And that gives you a bit of an insight how we are managing this core business and where our focus is really winning this type of customers, and then increasing their yearly service revenues by adding additional CORBOX services. And with this basis, you have no cluster risk, no sector risk. So, even if we of course always see changes in economic environment in certain industries, we have such well-diversified customer base that this has nearly no effect on DATAGROUP. And that's also represented in our figures, and what I'd like to show you is going a bit more deeper in the revenue structure. And Oliver just explained the special effect we had on this EUR 500 million or nearly EUR 500 million revenue top line.

But as soon as you look below this top line, how this revenue is structured, you see there the growth in CORBOX core business I just described. And we made another good step, even in a weaker economic environment in this year, so increased our CORBOX revenues. So that's really the recurring revenue for the IT services year-on-year from EUR 319 million to EUR 340 million. And this pure CORBOX service revenues are quite stable basis as long as the company is working, they are purchasing these services. So there are not as project services where you can decide to spend less money in the next years because the economic environment is weaker.

The running business to run your IT, you have to continue, and that's why this part of IT service is very stable, even if it might be a bit boring sometimes, but it's a very, very stable business because companies have to continue doing this business and purchasing these services no matter how the environment is developing.
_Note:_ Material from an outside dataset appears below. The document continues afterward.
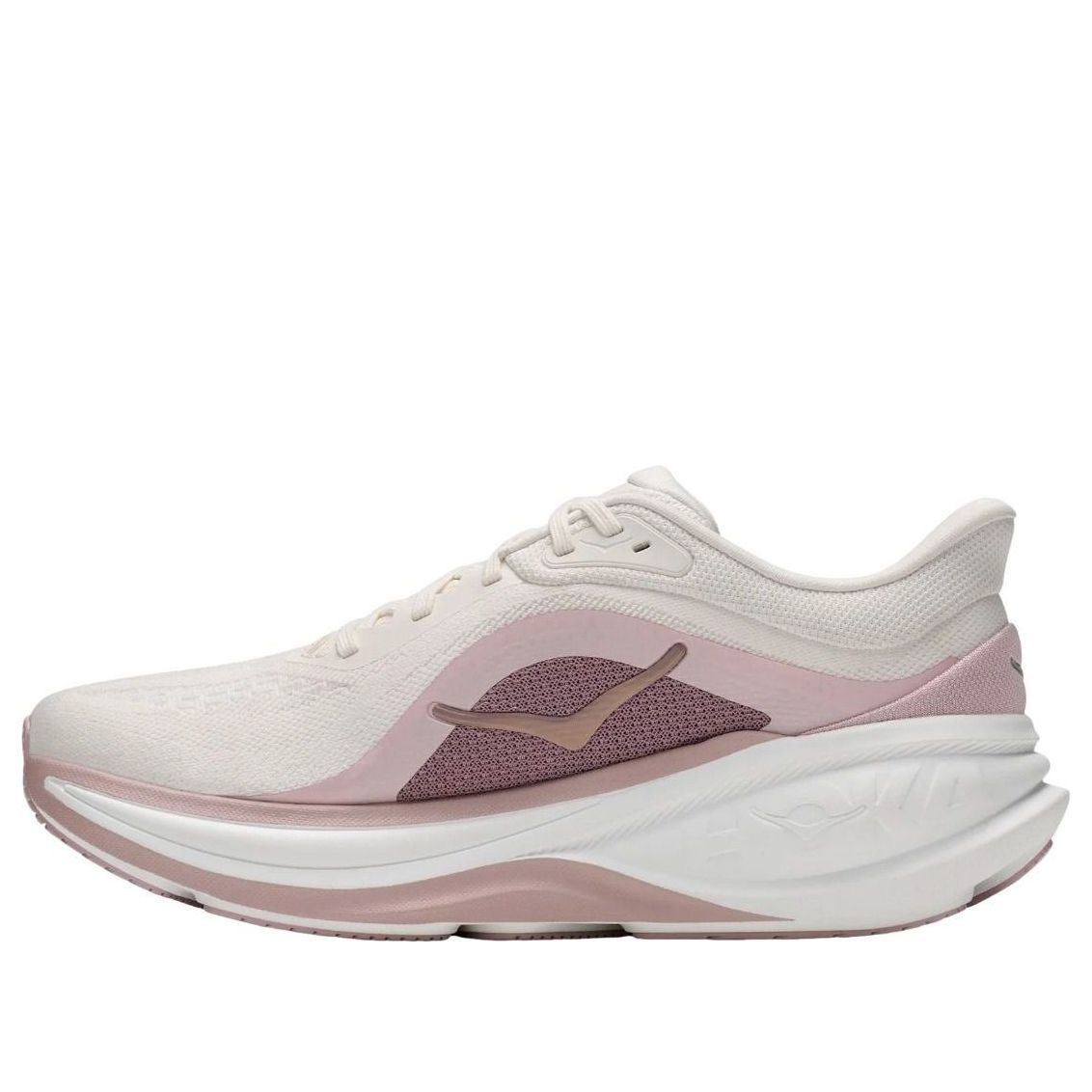(WMNS) HOKA ONE ONE Clifton Pro 'Alabaster Pink Opal' 1183113-AKP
On top of this run rate in this EUR 340 million, we have also in this year, another EUR 42 million CORBOX related services. So what's important to understand, as soon as you have these customers, they are more or less needed, that they have to acquire certain projects with DATAGROUP as we are running the systems in the daily run services, they are also purchasing related projects from us.

So that's another very sticky parts of business as IT is never stopping, and, it's always changing year-over-year. You have, at least from a, from a regulative and fiscal point of view, you have also, always have to change some things, and that also gives us a quite stable and continuous revenue stream with these CORBOX related projects with, CORBOX customers. And overall, we so increase this CORBOX business, which we are counting, on a very detailed level, continuously year-over-year from, a totally 359 last year to now 382. That means a 6% growth. That's a bit stronger than the, the IT market is growth.

And, as I said, it's a slower growing business, but very, very stable, because these customers are staying for a long time, and we are able to put additional customers on this customer base year on year. In the additional other services, the light red area, you see also the reduction of low margin services. That are the effects Oliver just described. There was a reduction from 47 to 23, as we have reduced in this year low margin, our special business in this area, like also the vaccination centers, which were part of this part. And we have a nearly stable revenue in trade business.

What's important to know, but we are still showing it in this area, there's also a part of trade business which is related to CORBOX business because IFRS are showing some hardware parts, which are related, for example, in client services, long-term client contracts in this area, that's also IFRS specific. So even in this 93, there's a quite important part of very continuous and sticky business. And with this development in this core business, that's what I said, what we are managing every year, month-on-month, as we are tracking our targets, our KPIs. And when we look in the last fiscal year, we managed to fulfill our all our CORBOX growth targets. These are in detail, the cross and upselling.

So adding additional services to the existing CORBOX customers, our goal there, our target there, is to add every year, EUR 10-15 million in additional CORBOX business. We very well fulfilled this target. That's 1 part of the CORBOX growth. The other part, of course, and that's what I showed you on one of the earlier slides, are additional new CORBOX customers. There we have the same ambition, EUR 10-15 million on an annual basis, additional CORBOX business. So really annual revenue, not total contract value. And this target, we also managed to achieve in the last fiscal year.

The other part of our growth, or the third part of our growth strategy is the M&A activities, the inorganic growth, which are only the basis or a step before getting this business into CORBOX business. As we are acquiring companies which are doing traditional service business, and we are transforming them and their business into CORBOX. So that's one step before doing CORBOX business. There we had the situation in the last fiscal year, because of quite high company evaluations, we not fully reached our targets of 2-3 additional acquisitions.

But what we see, and I will show you on the next slide, a good development in these areas, as maybe because of the increased interest rates, we see a slight reduction in company evaluations, again, which will enable to us also to do more acquisitions again in the future. The fourth area we are really managing in detail is, of course, always tracking the contract renewal. These long-term customer relationships only work when customers renew their contract at the end of the three-to-five-year contract period. And our target there is to renew approximately, year-over-year, 20% of this order backlog.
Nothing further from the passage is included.